## WHAT THE EXERCISE ASKS
Please write out exactly the line containing "Gavin Wimsatt of" below and every line after it, through the last one, but leave out any pictures.

## DATA EXTRACT
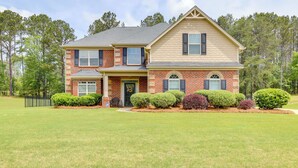 A two-story brick house with a front porch, a garage, and a well-maintained lawn. - 9 Mi to Trilith Studios: Gem in Fayetteville! (Fayetteville)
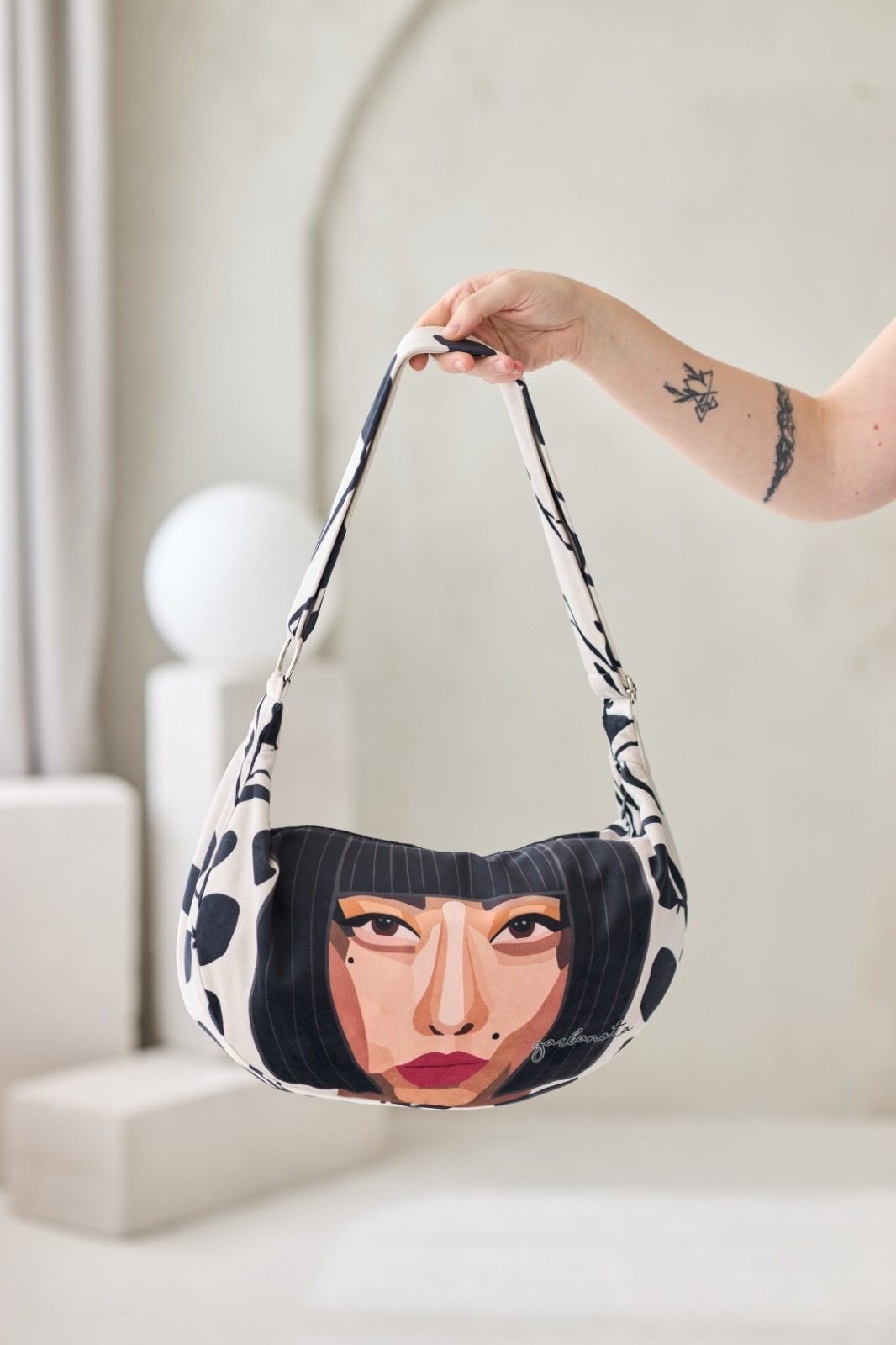 KIYOKO Hobo Handväska Velour med konstnärligt ansikte-motiv i beige och svart, hålls upp av hand med tatueringar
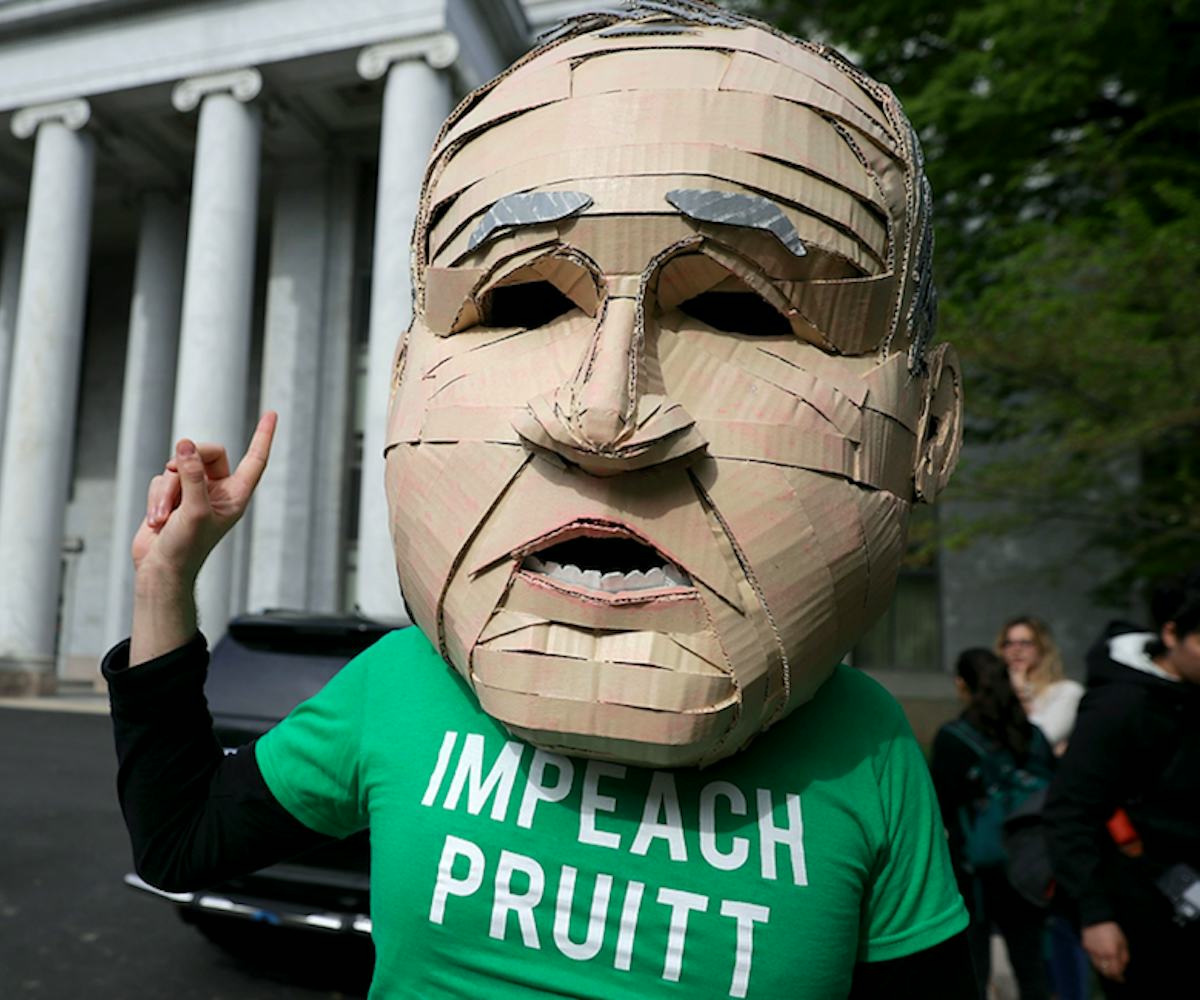 Scott Pruitt's oversized head mascot stands with his finger in the air and wears a green t-shirt tha...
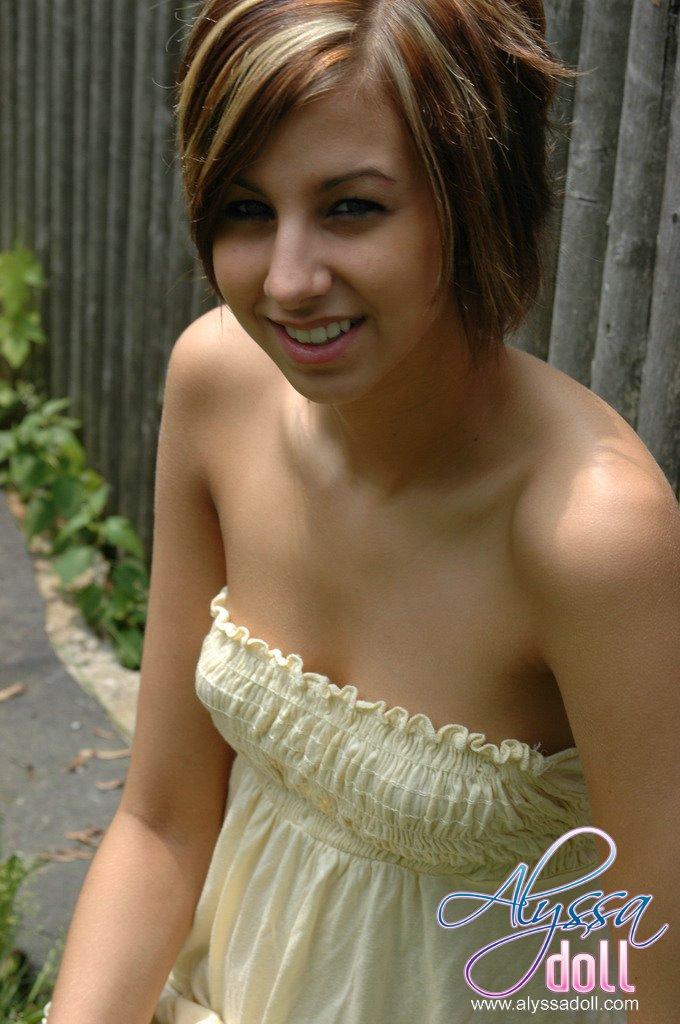 Alyssa posiert am Zaun in einem gelben Top und Jeansrock
 #53053574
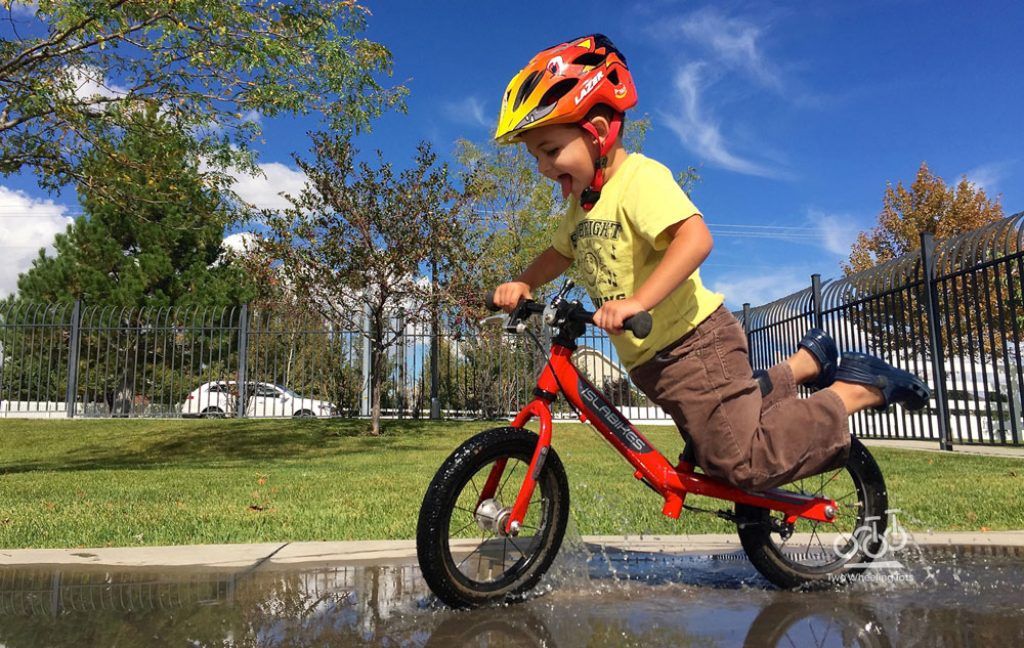 boy riding a red balance bike through a puddle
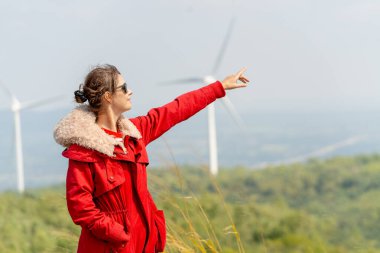 Kırmızı ceketli beyaz kadın gülümsüyor ve rüzgar türbinlerinin ya da dağdaki yel değirmenlerinin önünde sağa doğru işaret ediyor..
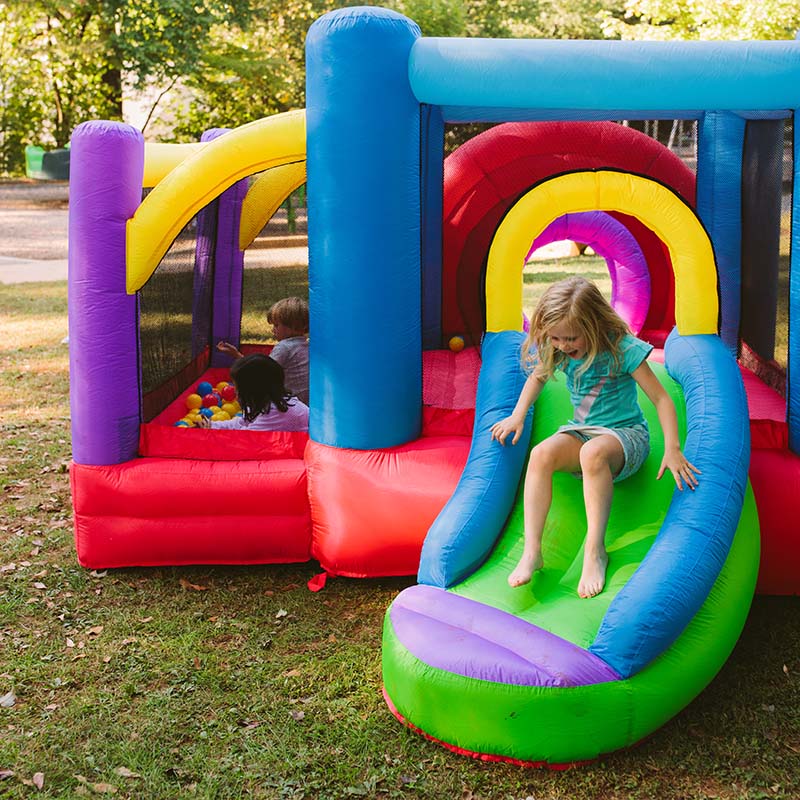 kid-wise-lucky-rainbow-bounce-house-kin-in-green-dress-sliding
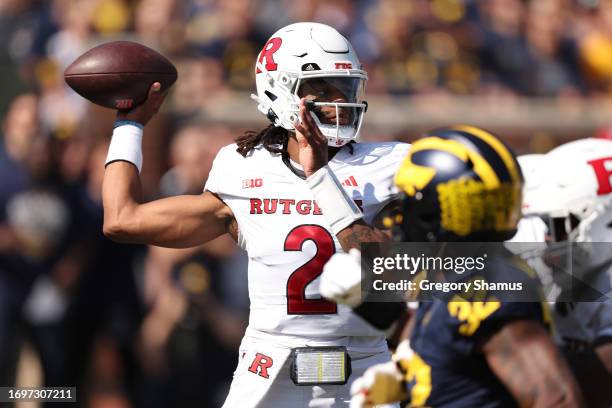 Gavin Wimsatt of the Rutgers Scarlet Knights throws a first half pass against the Michigan Wolverines at Michigan Stadium on September 23, 2023 in...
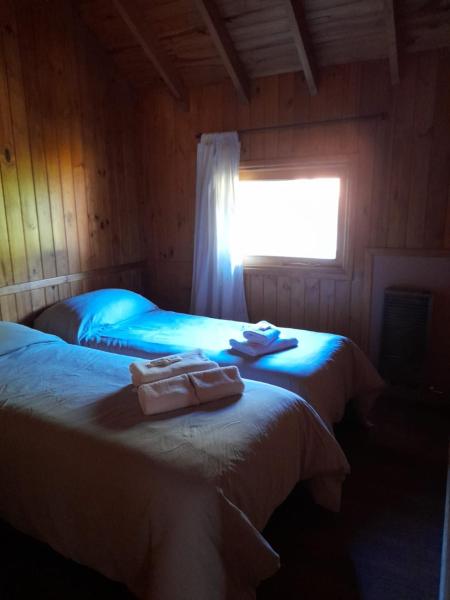 2 camas en una habitación de madera con toallas. en Departamentos Sonne Depto Planta Alta en San Martín de los Andes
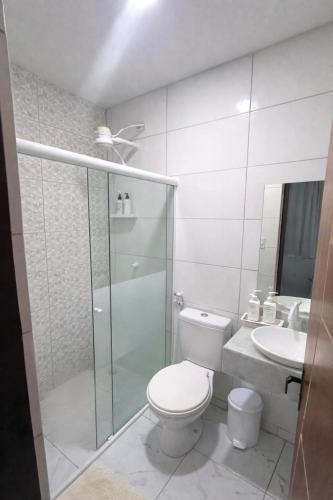 a white bathroom with a toilet and a sink at Pousada Doce Mar in Maragogi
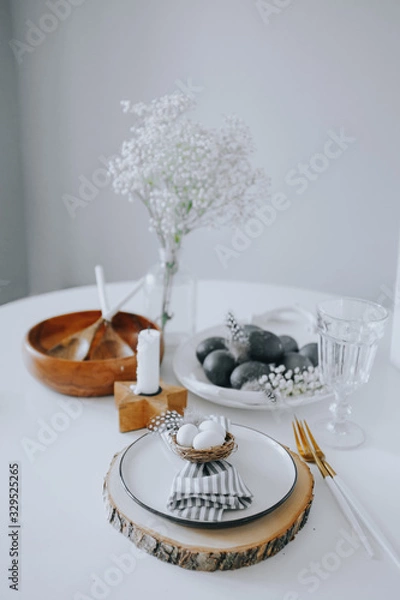 Fototapeta Easter table setting with white plate, gray textile napkin, candles, quail and chicken eggs and blossom branch.Mock up easter card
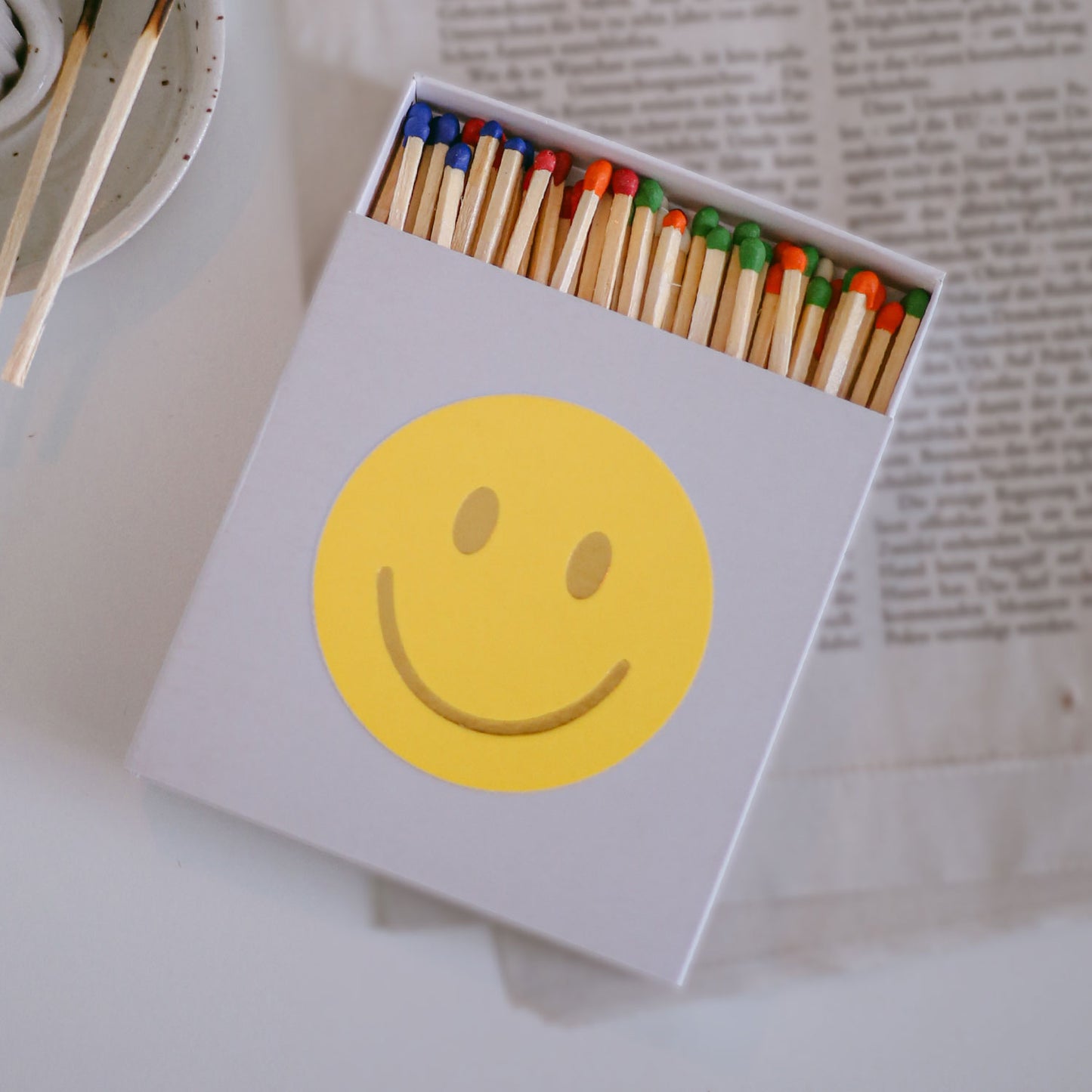 Streichholzschachtel mit gelbem Smiley und bunten Streichhölzern auf Tisch mit Zeitung.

## ANSWER TO THIS PROBLEM
 Gavin Wimsatt of the Rutgers Scarlet Knights throws a first half pass against the Michigan Wolverines at Michigan Stadium on September 23, 2023 in...
 2 camas en una habitación de madera con toallas. en Departamentos Sonne Depto Planta Alta en San Martín de los Andes
 a white bathroom with a toilet and a sink at Pousada Doce Mar in Maragogi
 Fototapeta Easter table setting with white plate, gray textile napkin, candles, quail and chicken eggs and blossom branch.Mock up easter card
 Streichholzschachtel mit gelbem Smiley und bunten Streichhölzern auf Tisch mit Zeitung.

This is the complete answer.